One watches, cheek in palm. How little weight
The world has as it swiftly drops away!
How quietly the mind climbs to this height
As now, the seat-belt sign turned off, a flight
Attendant rises to negotiate
The steep aisle to a curtained service bay.

"Takeoff" by Timothy Steele, from The Color Wheel. © The Johns Hopkins University Press, 1994. Reprinted with permission. (buy now)

Today is the birthday of the humorist and cartoonist James Thurber (books by this author), born in Columbus, Ohio (1894). He's best remembered today for his short story "The Secret Life of Walter Mitty" (1944), the tale of a henpecked husband who fantasizes about a life of daring adventure. As a young man, Thurber's own fantasy had been a little more tame: he dreamed of working as a staff writer for a new magazine called The New Yorker. He began submitting pieces to the magazine in 1926, when it had only been in print for about a year. He said, "My pieces came back so fast I began to think The New Yorker must have a rejection machine." He persisted, and the first story that was accepted was so impressive that editor Harold Ross offered him a job.

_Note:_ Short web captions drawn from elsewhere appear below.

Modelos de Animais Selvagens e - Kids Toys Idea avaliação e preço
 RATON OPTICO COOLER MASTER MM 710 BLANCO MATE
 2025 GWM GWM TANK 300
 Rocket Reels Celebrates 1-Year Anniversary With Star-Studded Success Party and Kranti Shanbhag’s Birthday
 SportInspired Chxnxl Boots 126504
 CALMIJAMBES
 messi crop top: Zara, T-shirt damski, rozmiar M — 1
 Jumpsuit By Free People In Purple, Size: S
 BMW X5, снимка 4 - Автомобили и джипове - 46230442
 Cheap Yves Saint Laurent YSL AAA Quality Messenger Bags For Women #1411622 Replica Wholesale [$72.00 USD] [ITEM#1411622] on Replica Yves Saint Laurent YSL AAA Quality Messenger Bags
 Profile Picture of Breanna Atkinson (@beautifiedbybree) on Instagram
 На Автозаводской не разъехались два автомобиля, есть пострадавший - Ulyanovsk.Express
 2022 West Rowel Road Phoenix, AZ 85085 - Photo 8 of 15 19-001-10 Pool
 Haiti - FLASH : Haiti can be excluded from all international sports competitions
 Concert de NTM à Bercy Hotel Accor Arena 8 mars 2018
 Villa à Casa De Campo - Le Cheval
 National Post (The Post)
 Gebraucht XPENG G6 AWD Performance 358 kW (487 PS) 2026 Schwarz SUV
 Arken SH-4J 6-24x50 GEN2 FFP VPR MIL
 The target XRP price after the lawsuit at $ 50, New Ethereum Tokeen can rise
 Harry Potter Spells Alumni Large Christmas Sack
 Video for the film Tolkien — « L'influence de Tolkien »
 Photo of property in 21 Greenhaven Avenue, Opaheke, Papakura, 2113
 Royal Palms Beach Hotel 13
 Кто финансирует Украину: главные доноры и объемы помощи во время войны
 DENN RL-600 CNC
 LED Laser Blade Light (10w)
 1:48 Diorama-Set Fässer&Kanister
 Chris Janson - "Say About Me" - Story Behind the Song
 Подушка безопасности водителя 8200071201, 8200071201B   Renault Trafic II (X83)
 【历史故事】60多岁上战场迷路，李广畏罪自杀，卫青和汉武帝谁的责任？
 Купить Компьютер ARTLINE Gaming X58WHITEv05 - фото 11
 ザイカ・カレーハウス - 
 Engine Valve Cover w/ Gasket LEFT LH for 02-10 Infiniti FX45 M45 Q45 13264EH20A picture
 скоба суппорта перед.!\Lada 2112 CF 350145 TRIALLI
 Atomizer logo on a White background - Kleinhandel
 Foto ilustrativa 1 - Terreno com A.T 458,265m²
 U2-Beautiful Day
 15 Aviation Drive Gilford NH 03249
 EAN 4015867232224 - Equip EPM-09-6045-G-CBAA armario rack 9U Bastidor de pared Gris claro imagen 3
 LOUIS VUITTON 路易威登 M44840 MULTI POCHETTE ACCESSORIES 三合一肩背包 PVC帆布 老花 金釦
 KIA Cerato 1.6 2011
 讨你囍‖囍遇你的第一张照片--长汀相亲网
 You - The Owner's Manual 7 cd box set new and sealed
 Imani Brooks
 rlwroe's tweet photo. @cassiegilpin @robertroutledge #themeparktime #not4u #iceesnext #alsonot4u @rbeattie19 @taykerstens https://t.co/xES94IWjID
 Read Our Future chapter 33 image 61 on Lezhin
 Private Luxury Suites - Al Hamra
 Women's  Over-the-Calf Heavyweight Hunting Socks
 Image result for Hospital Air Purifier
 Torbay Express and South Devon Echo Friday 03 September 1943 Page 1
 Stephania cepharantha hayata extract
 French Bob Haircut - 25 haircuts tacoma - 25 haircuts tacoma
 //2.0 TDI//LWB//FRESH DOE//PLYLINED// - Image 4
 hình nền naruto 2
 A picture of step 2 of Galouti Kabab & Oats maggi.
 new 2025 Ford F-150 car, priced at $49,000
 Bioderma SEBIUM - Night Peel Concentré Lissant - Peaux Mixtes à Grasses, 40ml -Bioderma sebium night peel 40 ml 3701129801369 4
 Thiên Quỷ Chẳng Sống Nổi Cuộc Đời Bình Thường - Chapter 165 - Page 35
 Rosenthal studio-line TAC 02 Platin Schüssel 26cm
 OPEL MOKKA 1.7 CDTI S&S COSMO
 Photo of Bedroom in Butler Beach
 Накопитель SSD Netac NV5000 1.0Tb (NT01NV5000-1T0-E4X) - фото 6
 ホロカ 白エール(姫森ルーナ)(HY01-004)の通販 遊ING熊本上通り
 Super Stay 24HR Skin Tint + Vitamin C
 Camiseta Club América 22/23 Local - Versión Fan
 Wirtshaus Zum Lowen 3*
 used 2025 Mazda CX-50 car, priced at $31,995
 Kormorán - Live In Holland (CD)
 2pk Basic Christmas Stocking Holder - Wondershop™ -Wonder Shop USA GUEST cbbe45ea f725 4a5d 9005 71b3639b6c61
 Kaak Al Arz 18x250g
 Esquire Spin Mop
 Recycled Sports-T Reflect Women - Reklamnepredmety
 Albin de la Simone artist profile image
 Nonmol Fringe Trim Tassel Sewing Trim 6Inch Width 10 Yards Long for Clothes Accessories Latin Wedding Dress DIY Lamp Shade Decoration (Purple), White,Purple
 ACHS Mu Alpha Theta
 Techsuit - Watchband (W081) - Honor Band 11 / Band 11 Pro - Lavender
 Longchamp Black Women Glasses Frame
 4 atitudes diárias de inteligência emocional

But the story must have impressed Ross a little too much, because instead of getting the staff writer position he longed for, Thurber found himself higher up the ladder as an administrative editor. Unhappy, he tried to get himself demoted by making mistakes on purpose, but it didn't work. He gave up and just kept submitting pieces to the magazine. When Ross found out how badly he wanted to write, he gave him the position and put him in an office with E.B. White. The two men became good friends, and collaborated on a self-help parody called Is Sex Necessary? (1929), which featured Thurber's cartoons.

It's the birthday of poet and short-story author Delmore Schwartz (books by this author), born in Brooklyn, New York (1913). He studied philosophy, and wanted to become a poet, and one summer while he was in college, he locked himself in his apartment for a month and wrote a short story. It was called "In Dreams Begin Responsibilities," and it was published as the lead piece in The Partisan Review. In the story, which is based on Schwartz's life, the main character watches his parents' courtship unfold on a movie screen. When his father proposes, the author begs them to reconsider, to never marry and have children. Schwartz also gave the title to his first collection of poetry and short stories, which he published in 1938 to great acclaim from literary luminaries like Pound, Eliot, and Nabokov.

Schwartz was one of the most promising writers of his generation, but he fell into the abyss of alcohol abuse and mental illness. He began spending his days drinking at the White Horse Tavern in New York and collecting little bits of quotations in a journal. He died of a heart attack in 1966, and no one claimed his body for three days.

On this date in 1660, a professional female actress appeared on the English stage in a production of Othello. It's one of the earliest known instances of a female role actually being played by a woman in an English production. Up until this time, women were considered too fine and sensitive for the rough life of the theater, and boys or men dressed in drag to play female characters. An earlier attempt to form co-ed theater troupes was met with jeers and hisses and thrown produce.

But by the second half of the 17th century, the King's Company felt that London society could handle it. Before the production, a lengthy disclaimer in iambic pentameter was delivered to the audience, warning them that they were about to see an actual woman in the part. This was, the actor explained, because they felt that men were just too big and burly to play the more delicate roles, "With bone so large and nerve so incompliant / When you call Desdemona, enter giant."